In addition to winning major environmental victories in Eilat which resulted in forcing giant fish farms out of the gulf, Zalul has had numerous successes in its campaigns regarding Israel's coastline and marine life, which have had a direct impact on Israel's nascent environmental policies as well as on the country's awareness of the issues.
Chief among these was clearing waste from the waters surrounding the Kishon River near Haifa. In 2005, Zalul conducted an investigative report on the river, 'Contaminated Ground in the Haifa Gulf,' and presented it to the Environment Ministry. As a result, the Israel Ports cleared out 75 tons of sludge from the banks of the Kishon.
One of Zalul's main priorities for the future is to raise awareness of and involvement in the environmental issues at hand among Israeli youth.
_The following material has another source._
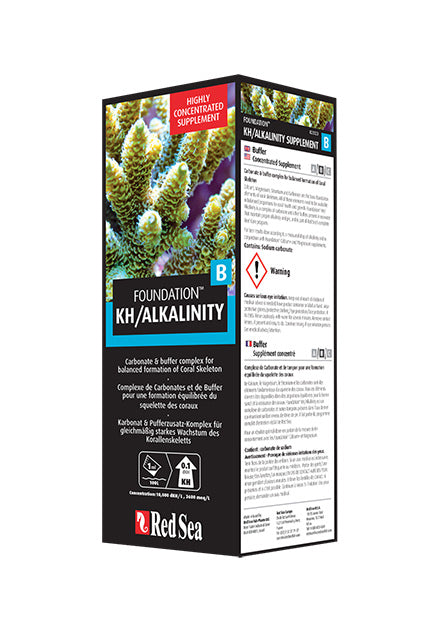 Red Sea Reef Foundation B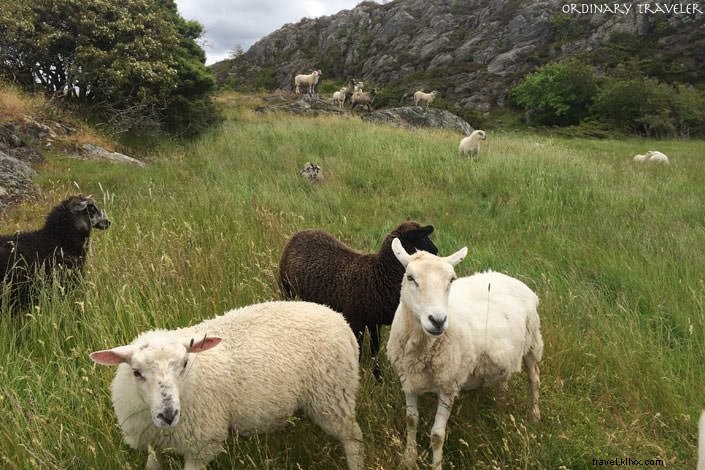 Island Hopping on Sweden s Bohuslän Coast: The Ultimate Road Trip Guide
That's why Kahn started a project in which he and other divers collect reef fragments that have broken off in stormy weather, and give them to 5,000 school kids to grow like saltwater saplings for a few months in classroom tubs. Later, divers carefully glue the living fragments back onto the reef. It's all part of Kahn's tikkun olam ('healing the world') for the sea.
The Israeli director of EcoPeace/Friends of the Earth Middle East (FoEME), Gidon Bromberg is at the forefront of fostering environmental ties between Israel's neighbors in Jordan and the Palestinian Authority.
Bromberg (47) founded EcoPeace in 1994 as the first regional organization dedicated to peace and sustainability and has been the Israeli director ever since. In 1997, he led the entry of the organization into Friends of the Earth International, the largest grassroots environmental organization in the world.
The environmental lawyer has also developed the cross-border, community peace-building project 'Good Water Neighbors', which is now seen as a model for other programs in conflict areas.
Speaking regularly about water, peace, and security issues in various forums, Bromberg has presented papers before the UN Commission for Sustainable Development, the United States House Committee on Foreign Affairs, the European Parliament and the advisory meeting to the UN High Level Panel on Security.
'The purpose of our bottom-up community work is to create a grassroots constituency for cross-border cooperation in solving concrete environmental issues on the ground at the community level,' Bromberg told the Tree Hugger website. 'We see this as a first step toward developing a broader vision for each ecosystem.'" (source)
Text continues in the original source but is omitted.